From the entries below, please output exactly the lines starting at the one containing "Име:IMG_7902.jpg" and ending at the one containing "Snegurochka", both included.

→ Records shown
_____

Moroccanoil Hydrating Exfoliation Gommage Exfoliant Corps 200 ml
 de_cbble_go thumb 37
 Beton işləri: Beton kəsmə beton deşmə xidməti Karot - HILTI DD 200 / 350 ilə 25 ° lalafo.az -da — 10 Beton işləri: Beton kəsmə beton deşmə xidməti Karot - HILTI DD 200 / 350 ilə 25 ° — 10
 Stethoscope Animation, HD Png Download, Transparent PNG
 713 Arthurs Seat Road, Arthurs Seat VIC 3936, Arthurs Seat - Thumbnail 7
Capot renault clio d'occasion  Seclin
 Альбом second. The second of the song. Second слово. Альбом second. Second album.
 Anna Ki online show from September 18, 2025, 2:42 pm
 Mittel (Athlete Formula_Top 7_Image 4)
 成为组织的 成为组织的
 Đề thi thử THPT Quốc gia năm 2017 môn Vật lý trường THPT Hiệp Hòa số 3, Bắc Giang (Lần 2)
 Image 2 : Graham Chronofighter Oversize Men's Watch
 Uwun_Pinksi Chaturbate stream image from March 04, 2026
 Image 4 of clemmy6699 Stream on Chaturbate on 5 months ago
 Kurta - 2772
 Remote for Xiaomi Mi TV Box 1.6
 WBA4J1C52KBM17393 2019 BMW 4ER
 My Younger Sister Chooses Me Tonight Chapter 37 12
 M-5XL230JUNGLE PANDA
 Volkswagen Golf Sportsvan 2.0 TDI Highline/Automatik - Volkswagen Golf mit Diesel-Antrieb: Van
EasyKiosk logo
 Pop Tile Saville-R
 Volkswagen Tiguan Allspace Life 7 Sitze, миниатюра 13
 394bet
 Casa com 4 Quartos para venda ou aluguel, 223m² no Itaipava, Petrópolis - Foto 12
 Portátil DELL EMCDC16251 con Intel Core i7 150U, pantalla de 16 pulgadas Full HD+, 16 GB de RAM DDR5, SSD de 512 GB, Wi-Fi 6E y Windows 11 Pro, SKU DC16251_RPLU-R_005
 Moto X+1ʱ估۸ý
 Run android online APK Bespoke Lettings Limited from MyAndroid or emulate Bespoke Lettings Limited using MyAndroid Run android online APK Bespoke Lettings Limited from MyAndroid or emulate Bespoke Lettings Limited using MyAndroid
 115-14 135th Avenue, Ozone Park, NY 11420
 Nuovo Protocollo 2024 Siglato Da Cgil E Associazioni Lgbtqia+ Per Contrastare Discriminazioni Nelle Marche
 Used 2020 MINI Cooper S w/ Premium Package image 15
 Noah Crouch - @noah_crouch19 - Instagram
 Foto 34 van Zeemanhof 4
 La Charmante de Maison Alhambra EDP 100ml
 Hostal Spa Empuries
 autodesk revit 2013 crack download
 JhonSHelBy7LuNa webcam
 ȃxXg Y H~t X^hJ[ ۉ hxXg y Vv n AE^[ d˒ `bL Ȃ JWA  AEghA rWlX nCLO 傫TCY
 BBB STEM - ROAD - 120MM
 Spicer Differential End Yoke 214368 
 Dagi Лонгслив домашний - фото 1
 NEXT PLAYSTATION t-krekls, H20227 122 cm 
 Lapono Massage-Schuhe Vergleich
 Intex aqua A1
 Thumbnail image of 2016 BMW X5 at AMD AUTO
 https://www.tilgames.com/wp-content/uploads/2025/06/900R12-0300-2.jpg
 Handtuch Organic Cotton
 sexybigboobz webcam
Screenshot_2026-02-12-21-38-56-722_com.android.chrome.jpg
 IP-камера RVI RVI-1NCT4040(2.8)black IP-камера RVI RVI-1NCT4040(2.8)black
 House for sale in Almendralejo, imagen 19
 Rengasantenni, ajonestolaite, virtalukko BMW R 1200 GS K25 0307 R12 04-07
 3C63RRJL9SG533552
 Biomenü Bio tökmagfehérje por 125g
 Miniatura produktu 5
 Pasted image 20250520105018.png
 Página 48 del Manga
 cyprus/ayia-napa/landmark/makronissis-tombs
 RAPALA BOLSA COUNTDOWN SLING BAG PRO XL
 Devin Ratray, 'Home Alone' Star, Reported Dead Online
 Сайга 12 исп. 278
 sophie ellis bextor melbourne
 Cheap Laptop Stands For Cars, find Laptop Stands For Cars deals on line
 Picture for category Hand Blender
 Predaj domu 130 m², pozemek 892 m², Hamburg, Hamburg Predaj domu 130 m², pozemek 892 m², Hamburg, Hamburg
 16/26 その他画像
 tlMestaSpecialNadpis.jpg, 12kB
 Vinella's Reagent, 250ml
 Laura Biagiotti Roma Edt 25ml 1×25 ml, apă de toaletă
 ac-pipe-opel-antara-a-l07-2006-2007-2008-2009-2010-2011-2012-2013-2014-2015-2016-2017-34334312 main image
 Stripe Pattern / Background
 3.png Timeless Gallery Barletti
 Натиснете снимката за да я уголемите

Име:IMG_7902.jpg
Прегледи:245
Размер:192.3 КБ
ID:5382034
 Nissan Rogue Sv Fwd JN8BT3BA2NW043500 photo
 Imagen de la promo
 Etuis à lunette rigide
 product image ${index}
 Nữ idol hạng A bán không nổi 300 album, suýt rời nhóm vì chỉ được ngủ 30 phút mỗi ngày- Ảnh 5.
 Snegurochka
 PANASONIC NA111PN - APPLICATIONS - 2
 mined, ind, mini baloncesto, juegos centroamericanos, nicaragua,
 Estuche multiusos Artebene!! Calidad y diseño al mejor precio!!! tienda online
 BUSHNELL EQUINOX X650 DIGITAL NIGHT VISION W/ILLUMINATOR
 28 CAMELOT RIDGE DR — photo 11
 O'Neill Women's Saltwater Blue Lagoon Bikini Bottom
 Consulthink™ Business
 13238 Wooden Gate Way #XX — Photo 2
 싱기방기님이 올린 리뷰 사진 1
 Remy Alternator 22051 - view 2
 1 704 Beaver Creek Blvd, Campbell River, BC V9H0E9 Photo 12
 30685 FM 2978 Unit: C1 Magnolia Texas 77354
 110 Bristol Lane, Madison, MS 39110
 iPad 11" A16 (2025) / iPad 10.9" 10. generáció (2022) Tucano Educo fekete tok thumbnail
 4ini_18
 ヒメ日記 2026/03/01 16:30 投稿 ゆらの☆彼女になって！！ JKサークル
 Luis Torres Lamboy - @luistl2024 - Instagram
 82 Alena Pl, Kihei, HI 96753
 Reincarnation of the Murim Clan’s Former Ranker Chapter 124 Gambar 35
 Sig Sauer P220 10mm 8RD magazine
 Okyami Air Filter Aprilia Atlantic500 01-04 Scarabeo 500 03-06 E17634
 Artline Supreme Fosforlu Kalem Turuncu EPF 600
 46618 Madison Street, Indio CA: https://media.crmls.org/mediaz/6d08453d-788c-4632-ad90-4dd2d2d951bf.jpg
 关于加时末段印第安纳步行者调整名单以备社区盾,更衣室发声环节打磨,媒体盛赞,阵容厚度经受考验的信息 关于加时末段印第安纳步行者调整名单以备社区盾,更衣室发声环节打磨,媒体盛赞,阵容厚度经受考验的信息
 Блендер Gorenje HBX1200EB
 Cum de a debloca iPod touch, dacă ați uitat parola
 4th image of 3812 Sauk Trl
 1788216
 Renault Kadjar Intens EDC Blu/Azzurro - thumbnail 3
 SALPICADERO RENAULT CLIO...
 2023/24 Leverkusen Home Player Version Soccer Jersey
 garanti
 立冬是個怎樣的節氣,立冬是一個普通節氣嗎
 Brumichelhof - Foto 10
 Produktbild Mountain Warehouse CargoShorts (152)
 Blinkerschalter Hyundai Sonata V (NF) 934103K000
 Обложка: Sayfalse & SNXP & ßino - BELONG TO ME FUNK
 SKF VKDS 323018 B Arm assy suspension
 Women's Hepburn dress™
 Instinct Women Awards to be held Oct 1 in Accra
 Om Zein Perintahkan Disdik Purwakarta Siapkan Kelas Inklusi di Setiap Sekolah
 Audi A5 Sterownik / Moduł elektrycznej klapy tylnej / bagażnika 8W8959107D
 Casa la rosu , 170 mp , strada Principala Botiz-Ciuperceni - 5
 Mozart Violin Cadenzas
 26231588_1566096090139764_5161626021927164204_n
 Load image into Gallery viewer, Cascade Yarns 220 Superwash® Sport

_____

→ Task output
Име:IMG_7902.jpg
Прегледи:245
Размер:192.3 КБ
ID:5382034
 Nissan Rogue Sv Fwd JN8BT3BA2NW043500 photo
 Imagen de la promo
 Etuis à lunette rigide
 product image ${index}
 Nữ idol hạng A bán không nổi 300 album, suýt rời nhóm vì chỉ được ngủ 30 phút mỗi ngày- Ảnh 5.
 Snegurochka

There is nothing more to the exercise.